I am not sure if I should use "were" or "are". I know that it takes a long time to process my documents, so when I was sending the email they must still being processed. Can anyone give me some help? Thank you.
 
  • wonderwhy

    Banned
    English - NaE
    I received an email from the human resource department. It told me that my documents were being processed. In a message to the human resource manager I wrote the following sentence:

    "I recieved an email saying that my documents were being processed."

    I am not sure if I should use "were" or "are". I know that it takes a long time to process my documents, so when I was sending the email they must still being processed. Can anyone give me some help? Thank you.
    What did the original email actually say, EB? Is this an actual situation or are you making this up to ask a question?

    What your reply is is an example of reported speech. With reported speech there is an option to backshift, which means "shift one tense back". English speakers do this regularly as an indicator that we are not quoting the original speech/writing verbatim.

    It might be hekpful to all ESLs/ENLs if they stopped thinking of this change as a tense shift because what it really is is a shift in tense FORM and this shift in tense FORM has a special meaning, the one I gave above;

    English speakers do this [backshift] regularly as an indicator that we are not quoting the original speech/writing verbatim.

    In your original to us, you said,

    "It told me that my documents were being processed."

    Here, if the documents are still in the process of being processed, you could have told us,

    "It told me that my documents are being processed."

    So your reply to anyone could be,

    "I received an email saying that my documents were being processed."

    OR

    "I received an email saying that my documents are [still] being processed."

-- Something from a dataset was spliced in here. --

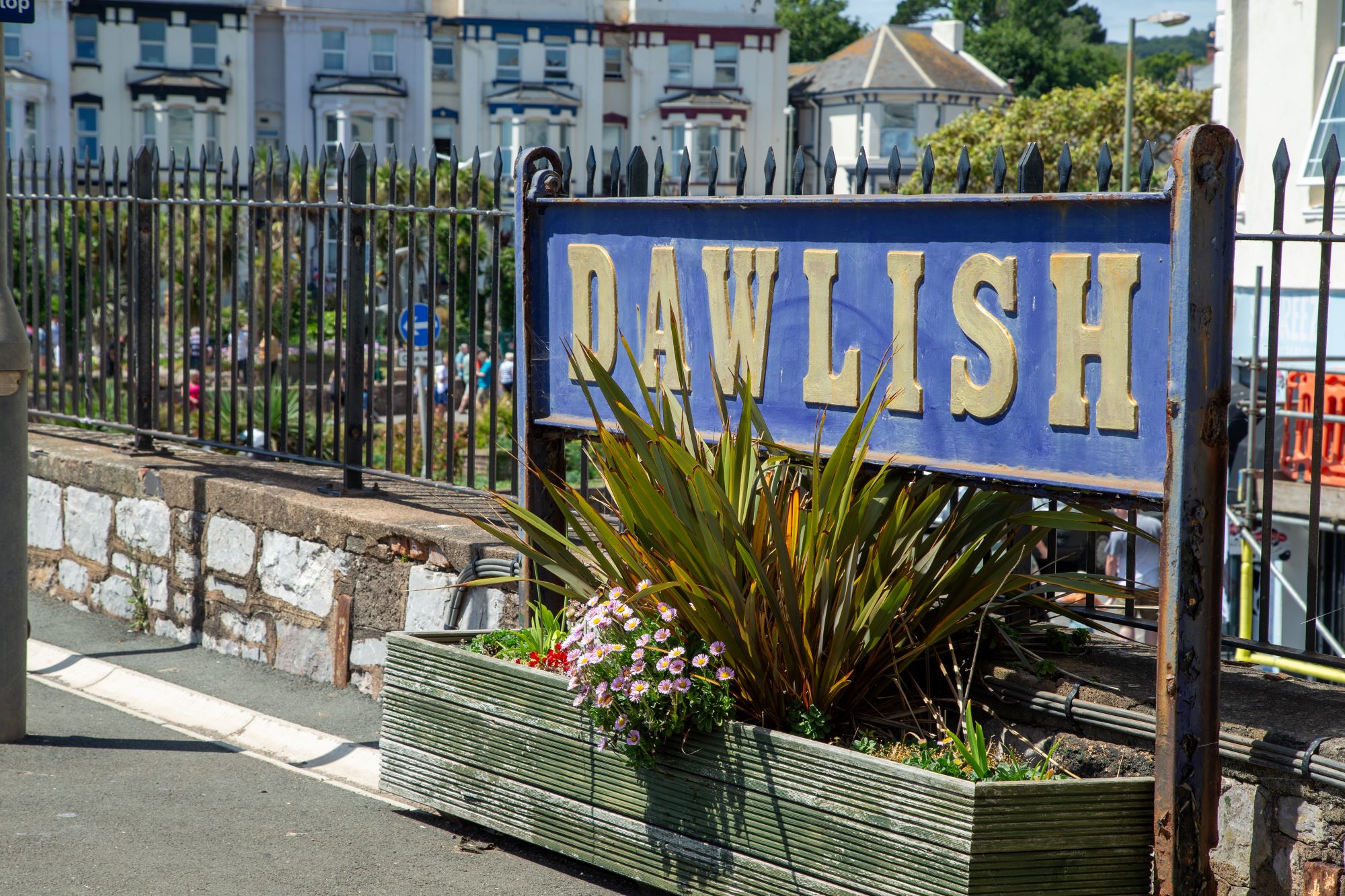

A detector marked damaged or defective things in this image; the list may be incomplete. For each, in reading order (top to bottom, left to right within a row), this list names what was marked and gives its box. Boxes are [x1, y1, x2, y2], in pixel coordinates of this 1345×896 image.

    The whole idea of language is to communicate as effectively as possible so if you want to make it clear what's going on and what is oing on is best described by using 'are', then by all means, use 'are'.
     
    Last edited:

    EnglishBug

    Senior Member
    Chinese
    Wonderwhy, thank you very much for your post. It is very helpful!

    The original email I got was ".... We received your documents on Monday. Mary is checking them. I will sign your documents by Friday if everything is correct...."

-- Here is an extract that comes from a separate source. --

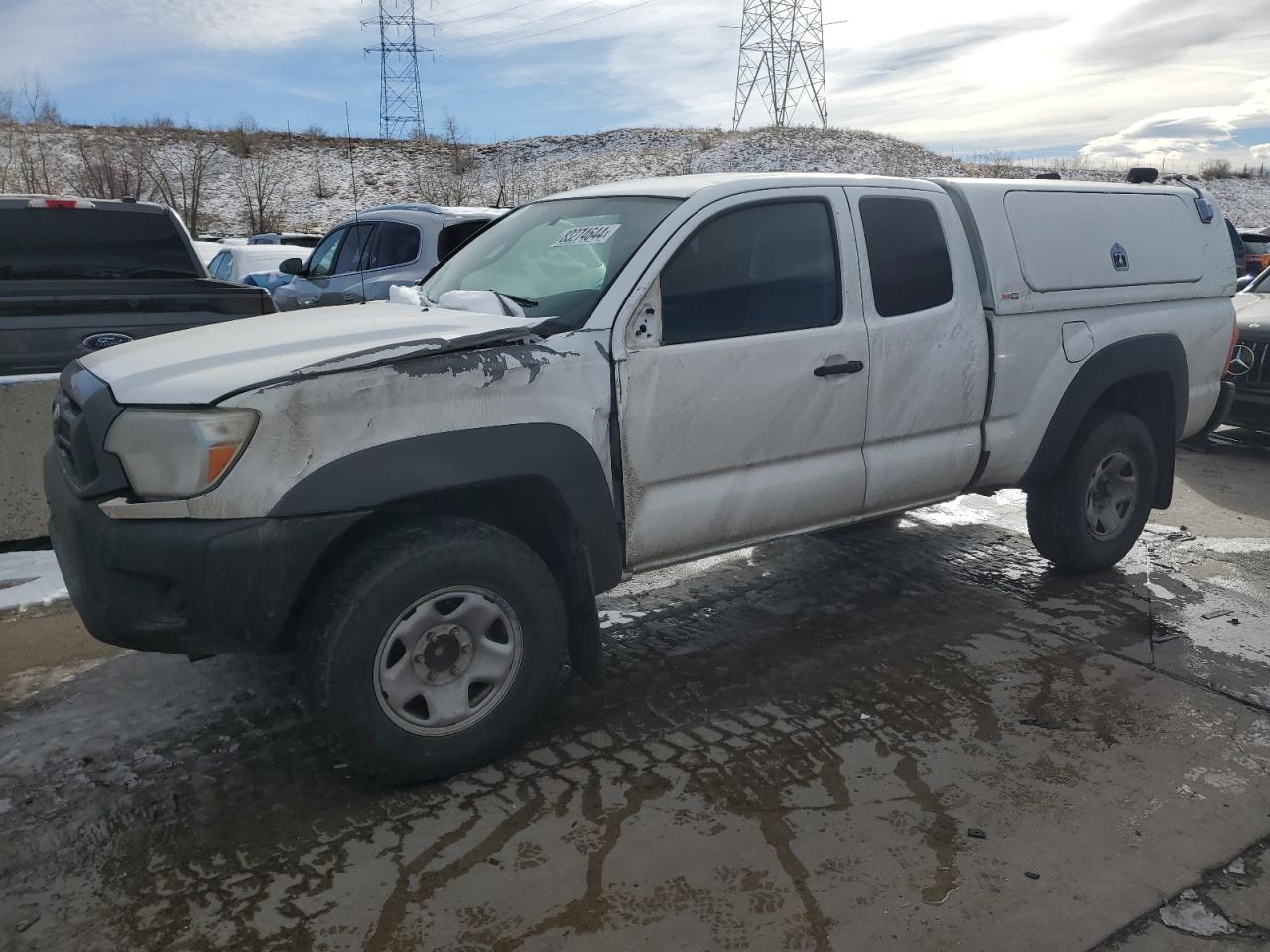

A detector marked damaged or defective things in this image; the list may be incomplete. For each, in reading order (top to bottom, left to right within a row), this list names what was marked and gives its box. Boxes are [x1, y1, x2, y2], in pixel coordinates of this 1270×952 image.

    Another question: If I am not sure whether my documents are still in the process of being processed, should "were" be preferred, or the only correct choice?
     

    wonderwhy

    Banned
    English - NaE
    Wonderwhy, thank you very much for your post. It is very helpful!

    The original email I got was ".... We received your documents on Monday. Mary is checking them. I will sign your documents by Friday if everything is correct...."

    Another question: If I am not sure whether my documents are still in the process of being processed, should "were" be preferred, or the only correct choice?
    From what you've been told, and in a practical sense, that is, what's most important to you, I would state to whoever needed to hear that the "I", whoever this "I" is, told you he/she would sign off on them by Friday.

    Either 'were being processed' or 'are being processed' would be processed by a native speaker as 'are being processed' but I would use 'are', as probably most native speakers would, and I would point up that Friday was given/has been given as the probable deadline for approval.


    Once more just to reiterate and clarify:

    The change in tense that occurs in situations like this one is NOT an actual change in tense, as in,

    I'm going to the store. --> [one hour later] I went to the store.

    That change in tense signifies that an actual event happened and it is now finished, hence the shift to 'went'.

    In reported speech, the tense shift, called a backshift is done ONLY to mark the speech as reported.

    It does NOT signify that an action has been completed.